Retrouvez notre carte interactive : le virus Ebola de 1976 à 2014
Au total, vingt Nigérians ont été touchés. Huit d’entre eux ont succombé. Des équipes composées de fonctionnaires de l’État et de bénévoles ont suivi plus de 800 personnes qui ont été en contact, primaire ou secondaire, avec Sawyer, notamment les fidèles de deux églises de Port Harcourt, où un homme contaminé par le virus venait prier.
En outre, des centaines de cliniques privées ont reçu une formation pour identifier les victimes d’Ebola et éviter qu’elles côtoient d’autres personnes jusqu’à leur évacuation dans des centres d’isolement. Une campagne sur les réseaux sociaux, menée à titre bénévole par des professionnels des technologies de l’information et de la communication, a complété ces efforts.
Selon l’OMS, pour contenir l’épidémie avec succès comme l’ont fait les Nigérians, la logistique et les actions de sensibilisation de la population sont tout aussi essentielles que la qualité des soins.
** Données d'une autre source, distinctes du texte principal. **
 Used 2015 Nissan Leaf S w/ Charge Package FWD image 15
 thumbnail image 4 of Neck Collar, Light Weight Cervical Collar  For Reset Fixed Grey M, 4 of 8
Reste que le pays a eu de la "chance" que Patrick Sawyer soit entré sur le territoire par l’aéroport de la capitale économique et ait été directement orienté vers une clinique privée de pointe.
Selon le docteur Mardel, le Nigeria pourrait être beaucoup plus vulnérable si un autre cas arrivait par voie terrestre et se retrouvait dans un hôpital public, dans un endroit plus isolé. Mais si le virus frappe à nouveau, le pays sera mieux préparé. "Les gens sont déterminés, assure le docteur Tochi Okwor, qui dirige la campagne de sensibilisation dans l’État de Lagos. Ils ne veulent pas d’Ebola au Nigeria."
Buvez, éliminez !
À la voir, rayonnante de santé, nul ne se douterait qu’elle vient de lutter contre Ebola, deux semaines durant, dans une salle d’isolement à Lagos. Le Dr Ada Igonoh doit sa guérison à sa farouche volonté de survie… et à l’absorption de beaucoup, beaucoup d’eau. Mais elle le dit et le répète, il n’y a pas de remède miracle. Comme elle, tous les survivants de la maladie au Nigeria ont été soumis à ce traitement dès qu’ils ont été diagnostiqués comme porteurs du virus, buvant quotidiennement jusqu’à cinq litres d’une solution d’eau et de sels de réhydratation. Selon le Dr Simon Mardel, qui a examiné plus de cas d’Ebola que quiconque dans le monde, il faut accorder la plus grande attention à la réhydratation, notamment aux premiers stades de la maladie. Car ensuite, le combat se corse. "Avec Ebola, les risques ne s’additionnent pas, ils se multiplient, explique-t-il. Si vous ne buvez pas assez pendant une journée, il faudra boire deux fois plus que prévu le lendemain."